Try every possible combination of choices. With n items each having two states (include/exclude), the search space is 2ⁿ. Evaluating each combination takes O(n), giving O(n × 2ⁿ). The recursion stack or subset storage uses O(n) space.
Greedy algorithms typically sort the input (O(n log n)) then make a single pass (O(n)). The sort dominates. If the input is already sorted or the greedy choice can be computed without sorting, time drops to O(n). Proving greedy correctness (exchange argument) is harder than the implementation.
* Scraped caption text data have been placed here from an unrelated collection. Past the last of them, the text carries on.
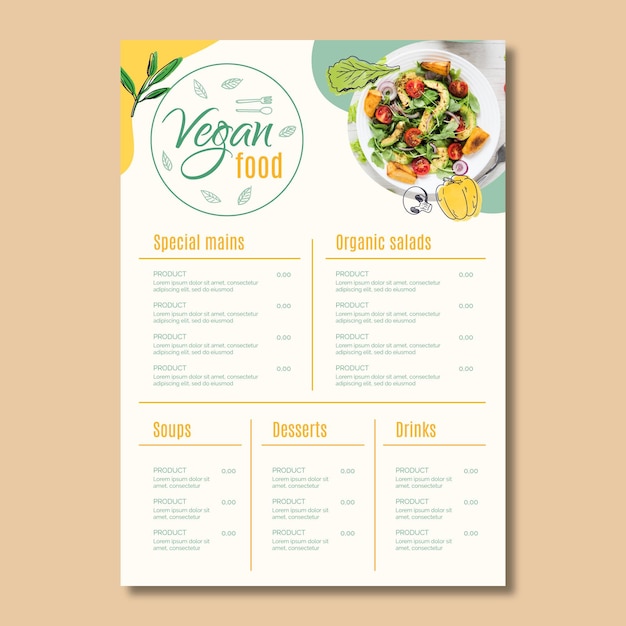 Modèle de menu de nourriture végétalienne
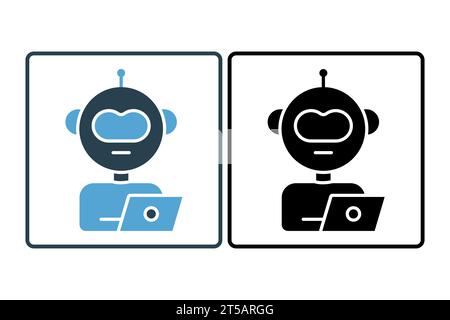 Symbol für AI-Assistenten. Symbol für Gerät, künstliche Intelligenz. Symbolstil durchgehend. Einfache Vektorkonstruktion bearbeitbar Stock Vektor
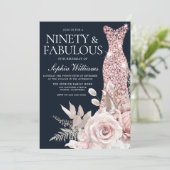 Invitation Quatre-vingt-dix et fabuleux ! Dusty Rose Floral 9 (Debout devant)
Review these before coding to avoid predictable interview regressions.
Wrong move: Loop endpoints miss first/last candidate.
Usually fails on: Fails on minimal arrays and exact-boundary answers.
Fix: Re-derive loops from inclusive/exclusive ranges before coding.
Wrong move: Zero-count keys stay in map and break distinct/count constraints.
Usually fails on: Window/map size checks are consistently off by one.
Fix: Delete keys when count reaches zero.
Wrong move: Locally optimal choices may fail globally.
Usually fails on: Counterexamples appear on crafted input orderings.
Fix: Verify with exchange argument or monotonic objective before committing.